Australian Chocolate Diamonds
No precious stone comes out of the ground perfectly formed. Invariably what enhances the worth of any gemstone is what is done to it once it is mined and brought to the House ultimately responsible for creating. We know that diamonds achieving the highest grade are those that adhere to what are traditionally known as the Four Cs—Cut, Clarity, Colour and Carat.
Unique in both presentation and its identity, every Australian Chocolate Diamond comes with its very own ‘Diamond Story’ certificate. The certificate contains specific information about each individual diamond: its point of origin, original rough weight, Argyle lot number, colour and clarity.

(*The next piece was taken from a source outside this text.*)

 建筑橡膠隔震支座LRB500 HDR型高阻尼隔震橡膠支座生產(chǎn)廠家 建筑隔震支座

The Australian Chocolate Diamond ‘Birth Certificate’ acts as a guarantee that the gem you are investing in is an authentic, homegrown Australian Argyle Diamond mined from the red earth of the Australian Kimberley Region Western Australia. Even then, only a few make it to the global marketplace deemed worthy
of becoming jewellery.
The single largest effect on the value of any diamond is rarity. The larger the diamond, the cleaner or the more unusual the colour, the brighter the colour value—all are elements that make for an expensive stone.
Natural Pink Diamonds are a good example. The fact that they are intrinsically rare is reflected in the price of the stone. Australian Chocolate Diamonds are no different: the rarer the colour, the larger or the cleaner the stone, the more expensive it will be. However, Australian Chocolate Diamonds, being a relatively new trend in the market, are still priced very competitively; at least for the time being, with an Australian Chocolate Diamond costing on average half that of an equivalent good quality white diamond.

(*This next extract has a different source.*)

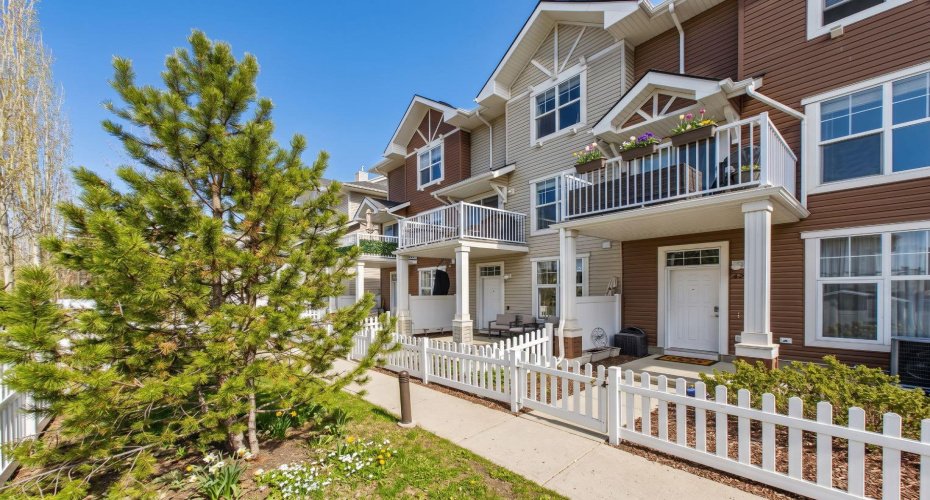 47 Toscana Gardens, Calgary, Alberta T3L 3C2, 2 Bedrooms Bedrooms, ,3 BathroomsBathrooms,Residential,For Sale,Toscana,A2303418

Australian Chocolate Diamonds and Argyle Pink Diamonds are the only coloured diamonds whose hue and value does not result from impurities in the stone, rather the colour originates from a process known as ‘Plastic deformation and reformation’.
During plastic deformation heat and pressure severely alter the crystalline structure so that it completely loses the original parallel structure of white rough diamond and reforms into a freeform crystalline structure as it cools. Australian Chocolate Diamonds are colour graded against the Argyle Colour Grading Scale, ranging from C1 to C7, with C1 being the lightest stones and C7 the darkest. Most Australian Chocolate Diamonds grade within the C4 to C6 colour range.

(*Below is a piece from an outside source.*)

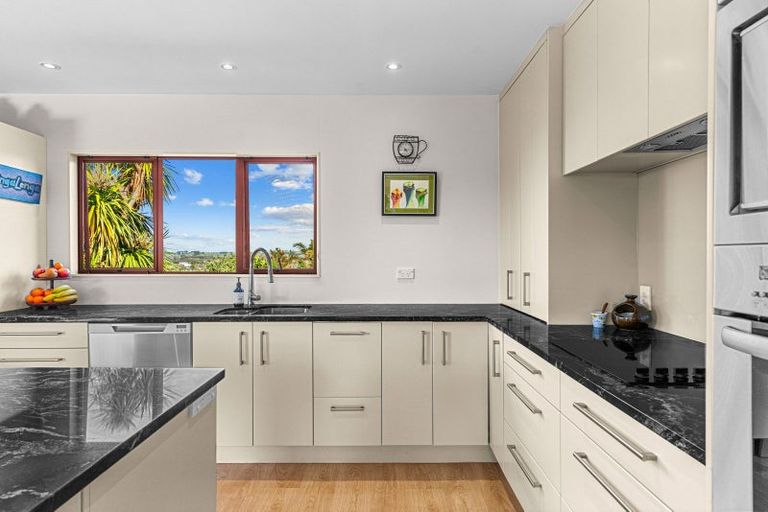 Photo of property in 58 Old Waipu Road, Mangawhai, 0505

Other important factors that affect the beauty of the stone include the following:
• The ‘cut’, which does not refer to the overall shape of the diamond but rather the quality of the cutting.
• The proportion, finish and symmetry of the external facets of the diamond. These are qualities that create the fire and the brilliance innate to the stone. (A diamond may be flawless but if it is not well cut it will appear dull and lifeless.)
• Clarity is also important in that it refers to the amount and size of natural imperfections in the diamond. This may be internal (inclusions) or external (blemishes) and recognising the differences and how to bring them out is part of the stonecutter’s craft.
Few things in nature are absolutely perfect; the closer to perfection, the more desirable the diamond.